A CHURCH WEDDING: Human Rights Commissioner Tim Wilson is proposing the definition of marriage in the Marriage Act be split into 'civil marriage' and 'religious marriage' to ensure religious freedom  is respected under any change to the act. PICTURE: www.freeimages.com

“There is a real opportunity in this period before the law is changed…to actually have a respectful engagement about what it is that some people who are opposed to the change in the law want and why they want it…Because I don’t think we should be replacing the trampling of one group of people’s rights with the trampling of another group’s rights.”

- Australia's Human Rights Commissioner Tim Wilson

“If your starting point is you won’t support a change to the law, it’s very difficult to then say this is how we want to preserve and protect religious freedom,” he says.

“And what I think the experience in the United States recently has shown is when you aren’t active participants in discussing how to preserve religious freedom, the law will be changed and it will not be overly accommodating."

He says he's attempting to start a "respectful, constructive discussion now about these issues". "(S)o that we don’t have a replication of the experience in the United States where people find themselves in the situation where…people are hauled before tribunals or face fines because they think they’re exercising their religious freedom.”

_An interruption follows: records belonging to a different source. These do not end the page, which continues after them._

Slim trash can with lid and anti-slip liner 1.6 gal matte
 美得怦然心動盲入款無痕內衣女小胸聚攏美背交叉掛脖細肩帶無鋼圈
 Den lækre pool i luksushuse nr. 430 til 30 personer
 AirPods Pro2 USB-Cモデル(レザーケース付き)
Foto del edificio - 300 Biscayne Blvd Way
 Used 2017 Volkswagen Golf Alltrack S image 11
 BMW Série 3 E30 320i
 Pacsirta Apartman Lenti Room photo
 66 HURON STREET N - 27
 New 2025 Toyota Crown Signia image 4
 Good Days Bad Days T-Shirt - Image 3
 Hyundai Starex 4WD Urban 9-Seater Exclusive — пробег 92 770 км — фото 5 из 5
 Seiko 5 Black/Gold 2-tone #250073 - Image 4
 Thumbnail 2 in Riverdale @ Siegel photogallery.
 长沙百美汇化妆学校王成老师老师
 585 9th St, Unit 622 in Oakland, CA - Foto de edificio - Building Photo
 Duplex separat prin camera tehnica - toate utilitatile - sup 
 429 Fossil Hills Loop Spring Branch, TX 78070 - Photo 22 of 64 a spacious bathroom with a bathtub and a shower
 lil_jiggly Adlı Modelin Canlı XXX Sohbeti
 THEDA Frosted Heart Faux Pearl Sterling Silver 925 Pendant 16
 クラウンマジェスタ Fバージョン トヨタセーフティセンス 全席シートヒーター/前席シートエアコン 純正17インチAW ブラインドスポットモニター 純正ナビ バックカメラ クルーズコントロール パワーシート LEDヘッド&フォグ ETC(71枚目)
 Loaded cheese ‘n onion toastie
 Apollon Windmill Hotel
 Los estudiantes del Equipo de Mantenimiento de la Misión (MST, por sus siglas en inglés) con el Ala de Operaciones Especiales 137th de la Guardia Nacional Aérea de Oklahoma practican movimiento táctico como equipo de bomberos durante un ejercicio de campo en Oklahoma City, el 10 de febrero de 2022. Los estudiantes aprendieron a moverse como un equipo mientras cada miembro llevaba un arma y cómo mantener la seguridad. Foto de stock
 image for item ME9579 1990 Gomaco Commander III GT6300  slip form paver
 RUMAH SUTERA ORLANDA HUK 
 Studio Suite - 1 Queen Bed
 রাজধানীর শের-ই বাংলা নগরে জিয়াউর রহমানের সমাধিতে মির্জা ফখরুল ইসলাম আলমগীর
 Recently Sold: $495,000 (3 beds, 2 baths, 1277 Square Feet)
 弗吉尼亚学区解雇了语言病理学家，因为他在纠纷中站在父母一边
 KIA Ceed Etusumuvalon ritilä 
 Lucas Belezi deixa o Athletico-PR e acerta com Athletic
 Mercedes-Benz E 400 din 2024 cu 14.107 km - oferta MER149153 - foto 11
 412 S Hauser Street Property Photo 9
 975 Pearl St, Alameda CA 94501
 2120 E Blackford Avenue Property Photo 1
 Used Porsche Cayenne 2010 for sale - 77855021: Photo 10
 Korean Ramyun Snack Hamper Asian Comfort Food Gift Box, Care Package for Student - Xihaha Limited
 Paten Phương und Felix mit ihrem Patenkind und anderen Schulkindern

Mr Wilson says that, given his belief that at some stage there will be a change to the definition of marriage in the Marriage Act, the question then becomes “how much effort can we put in to protecting and preserving religious freedom in that discussion?”

“There is a real opportunity in this period before the law is changed...to actually have a respectful engagement about what it is that some people who are opposed to the change in the law want and why they want it…Because I don’t think we should be replacing the trampling of one group of people’s rights with the trampling of another group’s rights.”

Mr Wilson's comments come after Federal Opposition Leader Bill Shorten introduced a private members' bill which would legalise same-sex marriage in Australia into the House of Representatives on 1st June. A cross-party bill also aimed at legalising same-sex marriage is expected to be introduced after Federal Parliament resumes on 10th August.

Mr Wilson says that while marriage itself is not a human right but a civil right, it is affected by the human right of equality before the law which says “everybody must have an equal right to civil rights”.

“(S)o long as the government recognises marriage through a civil marriage system, which it does at the moment, the human right of equality before the law necessitates that same-sex couples are able to access it.”

Mr WIlson, who is preparing to host a roundtable on religious freedom later this year, says the issue of what religious freedom looks like after the legalisation of same-sex marriage is one which has been repeatedly raised with him during his discussions with religious communities.

He has put forward a proposal which he believes would satisfy the requirements of equality before the law and uphold religious freedom. It would split the definition of marriage in the Marriage Act into ‘civil marriage’ – under which all people are seen as equal before the law - and ‘religious marriage’, which would respect the beliefs of religious group and how, within parameters, they define marriage. "So they can have their religious ceremony and it not be interfered with."

Mr Wilson says another option could be the approach foreshadowed by the Presbyterian Church in New South Wales which has asked its national branch to take the necessary steps to withdraw from the Marriage Act if same-sex marriage is legalised.

“That’s one way of doing it. I’ve proposed an alternative but I’m sort of relaxed either way, I just want to make sure that...when there is change to the law, it properly respects religious freedom and find a way to accommodate that.”

When it comes to incidences such as those seen overseas in recent months where cake shop owners, florists and wedding photographers have been taken before the courts after refusing to provide services to a same-sex couple and claiming that to do so conflicts with their religious beliefs, Mr Wilson says that while it’s a “highly contentious area”, there are options.

“In the end it comes down to how do you make the market work? Because the fact of the matter is that if you are a same-sex couple and XYZ bakery or florist doesn’t support your marriage, would you like to buy a service from them and, of course, the answer is, ‘Of course not’. Would you rather buy from somebody who does support you – of course, you would. So how do you provide market signals to enable that to work?" 

Mr Wilson says that the issue is a “lot about messaging”. “Discrimination will have a part of it but the fundamental of it is actually about making sure everybody knows where they stand."

“What we can’t have is a situation where secularism is forced on society through a back door. We live in a pluralist society - that means we accommodate diversity and difference and we have to manage the tensions that come with diversity and difference.”